When people begin to interact, individual differences appear. Some people talk more than others, some seem better able to lead, others seem to have more knowledge than the average group member. These differences, which produce inequalities among people along a variety of dimensions, are the basis for the formation of group structure. As differences become apparent, relationships are established among the various parts of the group; those relationships that become stable are referred to as group structure. The formation of group structure is one of the basic aspects of group development.

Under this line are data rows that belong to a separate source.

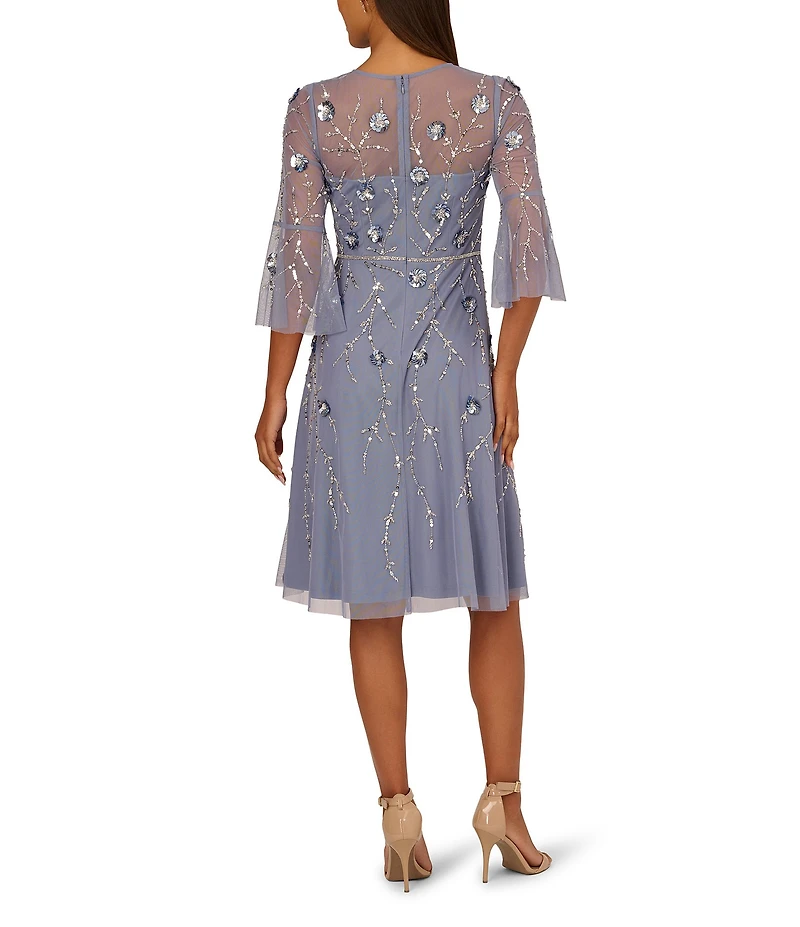 Adrianna Papell Beaded Mesh Crew Neck 3/4 Bell Sleeve Midi Dress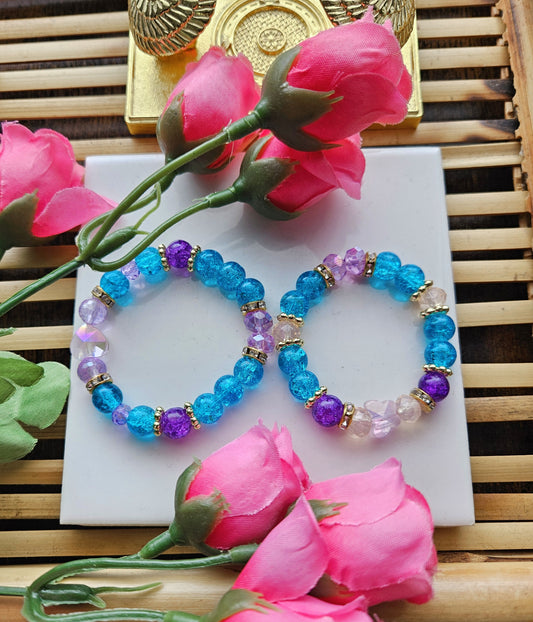 Children's Aqua blue pink and purple bracelet set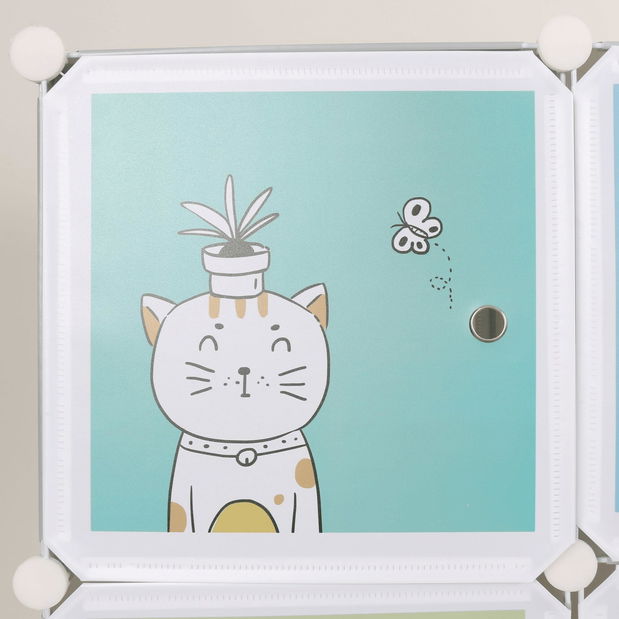 Dulap modular copii Eleanor (gri + motiv pentru copii)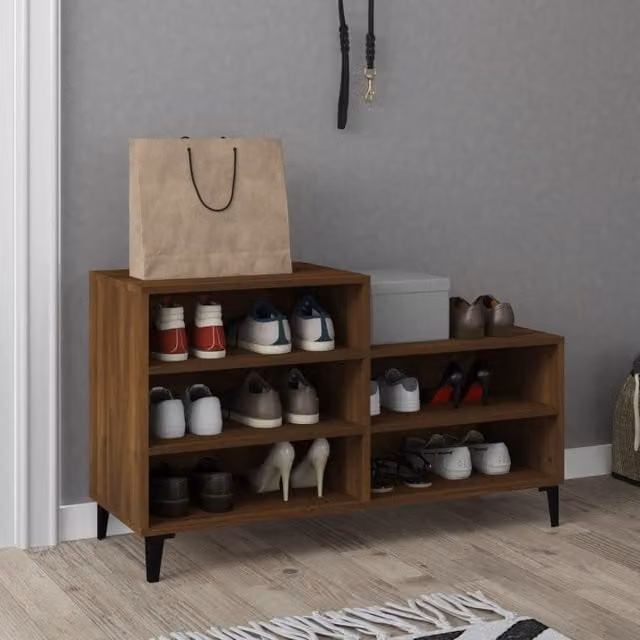 Berkfield Home Brown Oak Shoe Cabinet W/D/H: 102 x 36 x 60 cm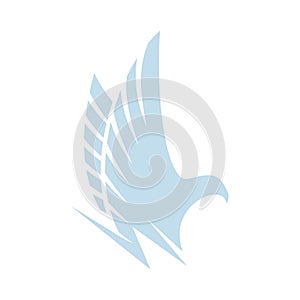 Isolated abstract blue color eagle,hawk of falcon silhouette logo. Dangerous hunting bird logotype. Wings icon. Air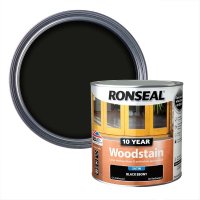 Ronseal 10 Year Woodstain Black Ebony Tin & Swatch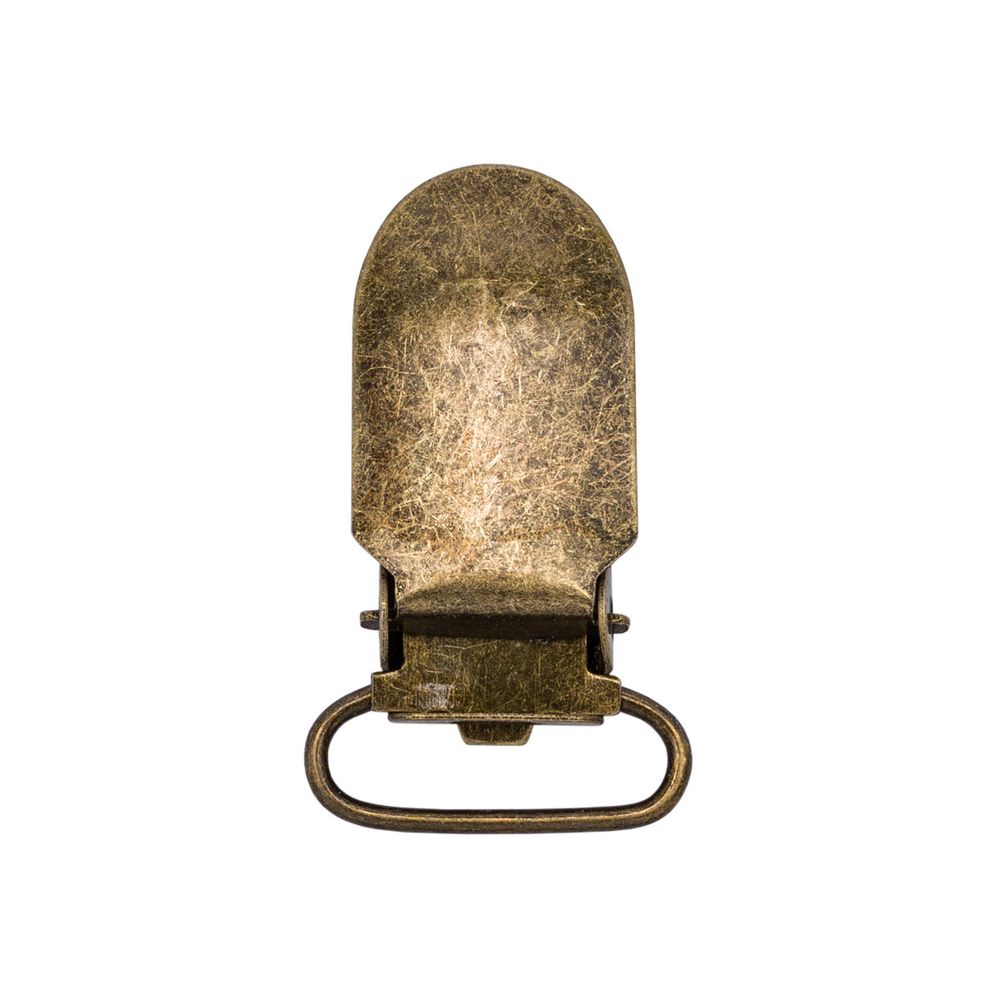 Клипса для подтяжек гладкая 20.0 мм, сталь, цв.антик, 20 шт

Three major factors influence group structure: (1) the requirements for efficient group performance, or for attaining the goals of the group; (2) the abilities and, motivations of group members; and (3) the physical and social environments of groups. Groups form for any number of purposes, some to solve problems, as did the Eclipse Group, others for social reasons. Regardless of why they form, their members usually take their goals seriously; and the structures they invent are predetermined by those goals. Structure is also influenced by the characteristics of the groups' members; for instance, individuals who like to dominate others may try to establish a centralized power structure with themselves at the center. People who appear knowledgeable may emerge as task leaders. Physical, cultural, and organizational climates directly affect group structuring and provide the opportunity for numerous other variables to influence it, too.
Any number of dimensions can be used to establish group structure. Here we focus on only two sets of group structural variables: position (or status) and roles.

Position and Status

A person's position in a group is his place in the social system. It identifies his relative standing with regard to such dimensions as leadership, power, and knowledge. Status is the evaluation of that position by others. It is the rank or prestige which defines the position. Ascribed status is attributed to people through no action of their own, because of such factors as birth, sex, or age. Achieved status is based on individual accomplishment and includes such factors as education, work experience, and abilities.

Status contributes to a number of group processes and behaviors. For instance, high-status people both receive and initiate more communication than do low-status people and send more positive and more task-relevant messages. The high-status person is in a culturally valued position in the group. Once a person gains status in the group, she builds up idiosyncracy credits, or a bank account of credits that allows her to deviate without reprisal later on. These credits can be used to lead the group in a new direction. Status often, but not always, protects a person from severe sanctions for unacceptable behavior. For example, a study of destructive obedience in the military (in which an officer carries out orders from a superior with disastrous consequences) found that the superior officer who gave the orders was held more responsible for the outcome than his subordinate.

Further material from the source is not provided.